For my concept I wanted to avoid imagery dealing with the literal take on the name, and shoot more for a mood. The pinball machine is meant to be a reminder of a much simpler time; a metaphor for young love that doesn't take itself too seriously.
I have decided to do two versions of this poster :P I was torn on how to execute it, and am still open to suggestions. I approached the shape building in a very flat, two-dimensional way, using a simple grayscale palette in order to get my values straight. Once I had everything pretty much where I wanted and started adding color, I started to gravitate towards a more dimensional style (right). I was hoping it was still somewhat true to the original inspiration, but with just a little more visual interest (but not so much that it's overwhelming).
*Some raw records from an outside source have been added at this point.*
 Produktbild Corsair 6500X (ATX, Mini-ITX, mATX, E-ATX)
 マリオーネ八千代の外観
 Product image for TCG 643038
There was a huge response to the original inspirational images I posted, so I fully intend on making a version based on simple and flat geometry, and trying to distill the shapes down to their essence to try and say more with less. The one thing I love about those images is the use of white space, which is something I want to try and incorporate more of in both versions.
Detail of the top portion. Slowly adding details from left to right.
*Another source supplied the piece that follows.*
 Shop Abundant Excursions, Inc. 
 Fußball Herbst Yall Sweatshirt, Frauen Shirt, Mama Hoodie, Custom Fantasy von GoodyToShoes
Given that there is a lot going on in this poster, I decided to use perspective to draw the viewer's eye to the main piece of information: the band name. In the final version, I hope to manipulate the value scale with texture and gradient (likely a halftone pattern) to make this more apparent.
THINGS TO DO:
Most of the typography uses placeholder type. I am going to draw the band name by hand, and search for old-timey fonts that are more appropriate for supporting information.
Toying with the idea of a simple, gaphic wood texture for the parts of the pinball machine that are raised and riveted down.
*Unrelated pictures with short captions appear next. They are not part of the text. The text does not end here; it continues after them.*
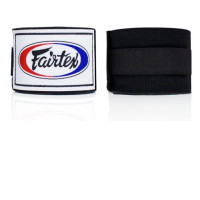 Set of Fairtex Handwraps HW2 Black(3pcs/set) Set of Fairtex Handwraps HW2 Black(3pcs/set)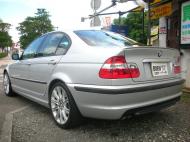 H.16年　BMW　320i　Mスポーツ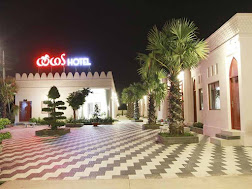 Cocos Hotel, Phú Mỹ, Thủ Dầu Một, Bình Dương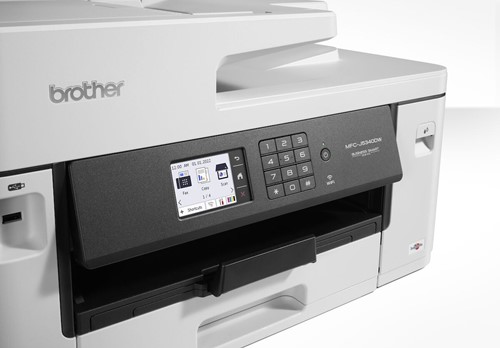 Brother MFC-J5340DW all in one printer A3/A4-2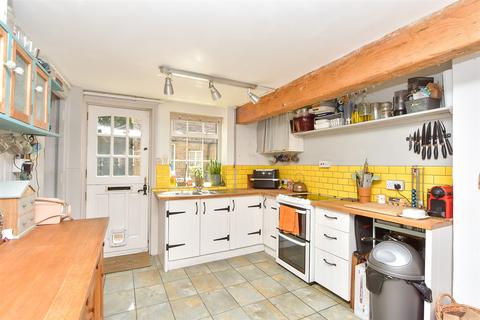 2 bedroom terraced house for sale, Breach Lane, Lower Halstow, Sittingbourne, Kent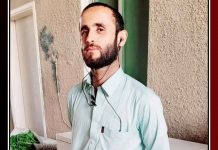 کراچی اور آواران سے فورسز کے ہاتھوں چار افراد لاپتہ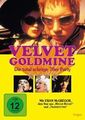 Velvet Goldmine - Die total schräge 70er Party | DVD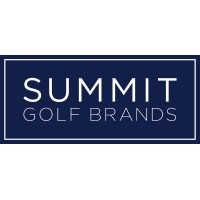 Summit Golf Brands Logo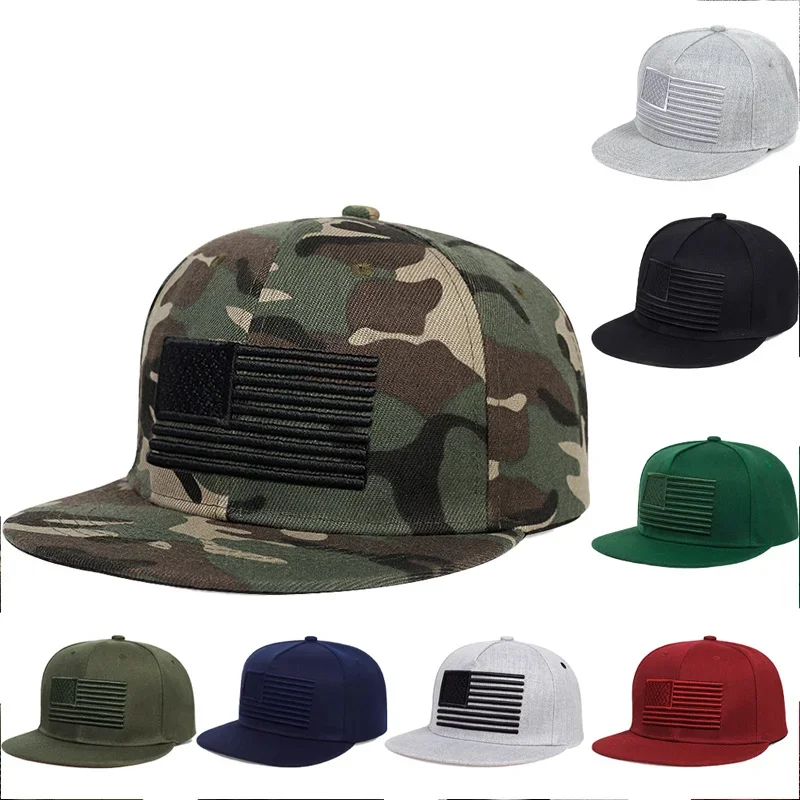 

Luxury New USA Embroidery Baseball Cap Men Women Designer Snapback Hats Summer Leisure Outdoors HipHop Gorras Hombre Trucker Cap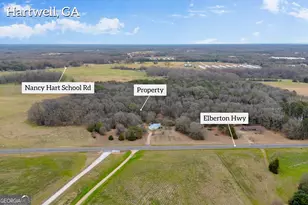 4957 Elberton Hwy, Hartwell, GA 30643 - Photo 10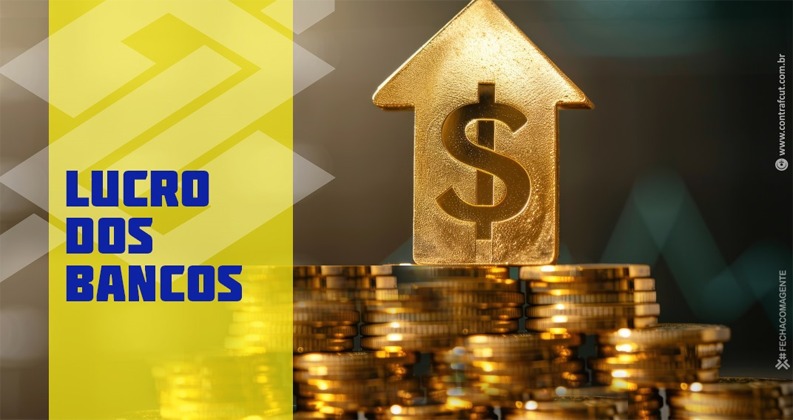 Banco do Brasil lucrou R 188 bi no primeiro semestre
Open to suggestions for background treatment.
A cool/warm color palette option. I like the color palette I have, but it's almost monochromatic. I would like to explore an option with a little more variance.
What does everbody think about the flat version versus the (slightly) more dimensional version?
I started experimenting with a darker color palette, and ended up trying to create a version with a central light source. I think this idea has the potential to be pretty cool, but I don't really think it adds anything to the design. I do kind of like where the version on the right is going though...
Here's a version with a little more figure/ground separation:
I have also been fooling around with adding texture. I decided to keep the color range for the poster within reasonable screen printing range, and my attempt at doing things the DKNG way fell a little flat. At the moment, I am attempting to use vector shapes and simple textures, but I will continue to experiment with half tones and bitmaps.
I was hoping to at least have the entire band name sketched out by today, but I got off to a false start with the word Postal, and ended up with just Service. The typeface I created is supposed to look a little vintage, to match the table. I'm hoping to have the Postal script sketch uploaded tomorrow.